Original code only used vector loads/stores for explicit vector arguments.
It could also do more loads/stores than necessary (e.g v5f32 would
touch 8 f32 values). Aggregate types were loaded one element at a time,
even the vectors contained within.
This change attempts to generalize (and simplify) parameter space
loads/stores so that vector loads/stores can be used more broadly.

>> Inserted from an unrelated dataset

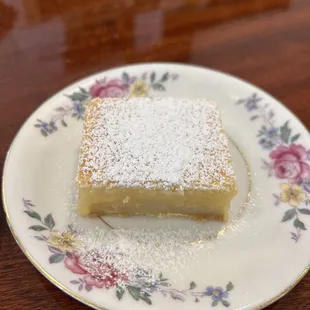 Lemon bar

Functionality of the patch has been verified by compiling thrust
test suite and manually checking the differences between PTX
generated by llvm with and without the patch.
General algorithm:
- ComputePTXValueVTs() flattens input/output argument into a flat list of scalars to load/store and returns their types and offsets.
- VectorizePTXValueVTs() uses that data to create vectorization plan which returns an array of flags marking boundaries of vectorized load/stores. Scalars are represented as 1-element vectors.
- Code that generates loads/stores implements a simple state machine that constructs a vector according to the plan.
All right, now that I understand this, it's doing something deceptively simple. Perhaps:
Perhaps "CanVectorizeAt" is not a great name. I think we want "Param" in the name. Maybe CanMergeParamLoadStoresStartingAt? Ideally we'd also pick a name that doesn't sound like this returns a boolean, but I don't have a suggestion.